Using bash, I've tried grep, which is no good as it just gets me a single line and I can say "keep going until you get to this line". head, tail no good as the rest of the line counts will change in the source file. as will the line count of everything between the unique text. awk, sed don't seem like they'll be much help either, or split, or anything i've seen so far.

I have access to php if that helps. Actually, I eventually want to past all the text in to a php file, but that shouldn't be too hard I hope.
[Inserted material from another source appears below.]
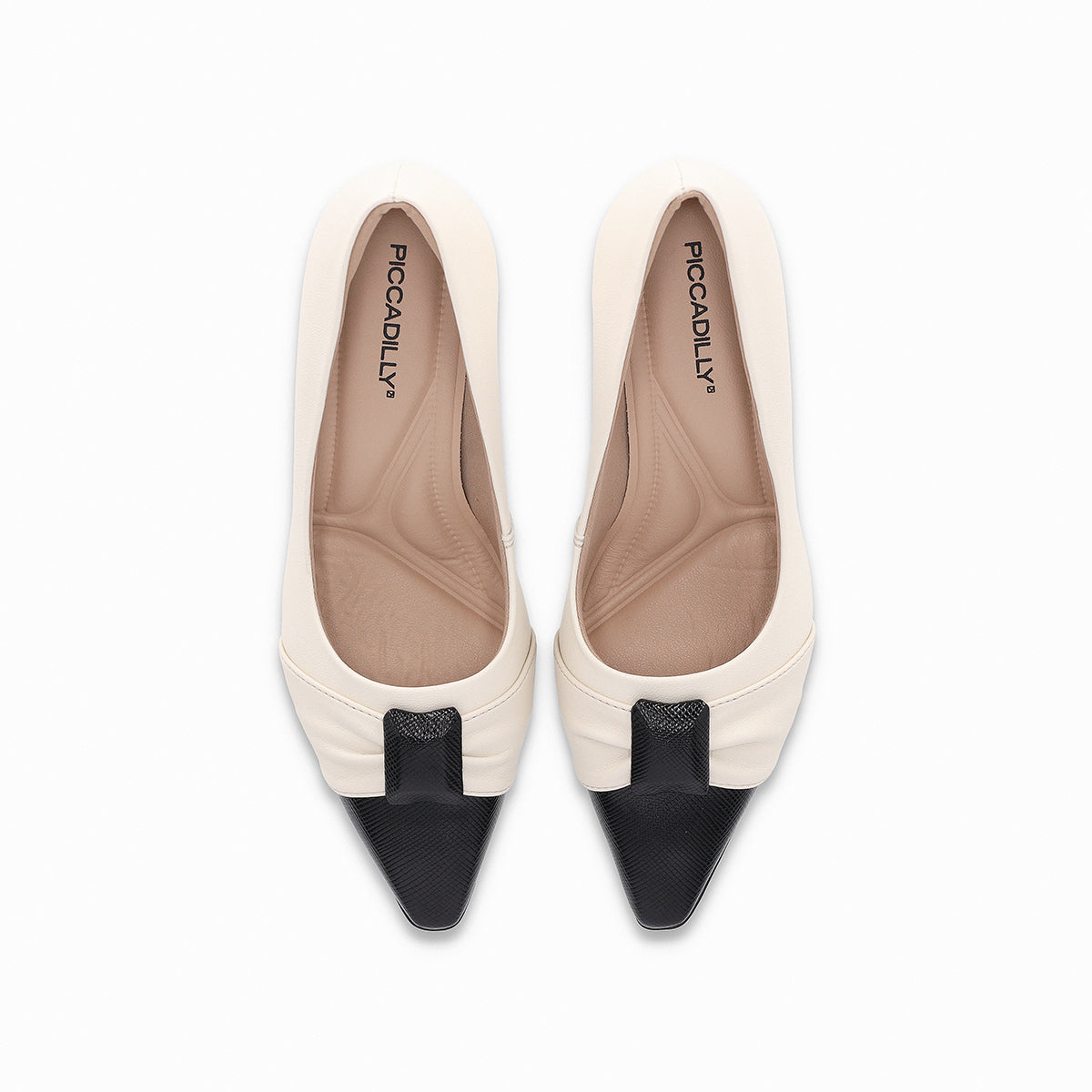 Zapato Mujer Negro/Blanco Irene 71 Piccadilly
Anyway, thanks for any pointers.
 
Old 03-26-2009, 12:14 PM   #2
Hko
Senior Member
 
Registered: Aug 2002
Location: Groningen, The Netherlands
Distribution: ubuntu
Posts: 2,530

Rep: Reputation: 108Reputation: 108
This very similar thread may help.
 
Old 03-26-2009, 12:52 PM   #3
pepsi_max2k
LQ Newbie
 
Registered: Apr 2007
Posts: 6

Original Poster
Rep: Reputation: 0
very close, but it doesn't deal with line breaks. ie.
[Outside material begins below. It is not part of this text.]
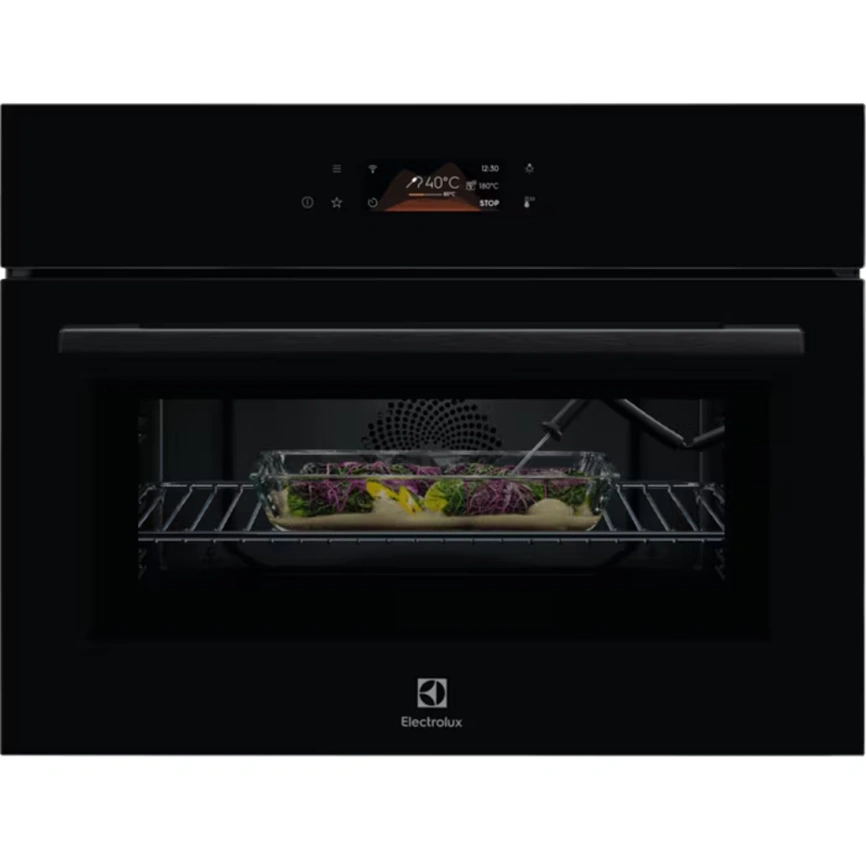 Электрический духовой шкаф Electrolux LVL8E09Z Black фото 1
bleh1 start bleh2 end bleh3

gives "bleh2". but

bleh1
start bleh2
end bleh3

doesn't give anything is there an easy way to solve that? thanks for the tip though


EDIT: getting closer...


Quote:
cat text | sed -n -e ":a" -e "$ s/\n//gp;N;b a" | sed -n 's/^.*<table>unique\(.*\)text<\/table>.*$/\1/p'

sed'ing multiple lines looked hard, so i got rid of the lines instead not exactly sure what it does, and it could mess up in some cases (if theres no white space then words become joined), but in my case it's pretty much ok as anything before and after a line break is html

EDIT 2: meh, that first sed command is stipping a lot more than linebreaks, half the file text is missing halp! please?

EDIT 3:

Quote:
while read line; do echo -n "$line "; done <infile >outfile
helpful, but when I cat the resulting text file there's still lots of bits missing, and sed doesn't see any more than cat

Last edited by pepsi_max2k; 03-26-2009 at 02:00 PM.
 
Old 03-26-2009, 02:02 PM   #4
David1357
Senior Member
 
Registered: Aug 2007
Location: South Carolina, U.S.A.
Distribution: Ubuntu, Fedora Core, Red Hat, SUSE, Gentoo, DSL, coLinux, uClinux
Posts: 1,302
Blog Entries: 1

Rep: Reputation: 107Reputation: 107
Quote:
Originally Posted by pepsi_max2k View Post
I have access to php if that helps.
If you have PHP, it should be easy to do the whole thing in there. If you really want to use sed, here is a script
Code:
/<table>/,/<\/table>/{
    N
    s/.*\(<table>\)/\1/
    s/\(<\/table>\).*/\1/
    s/\n/ /
    P
}
This says match across lines starting with "<table>" and ending with "</table>". Suck up the next line. Remove any text before the "<table>" and after the "</table>". Remove any newlines in the match. Print the result to stdout.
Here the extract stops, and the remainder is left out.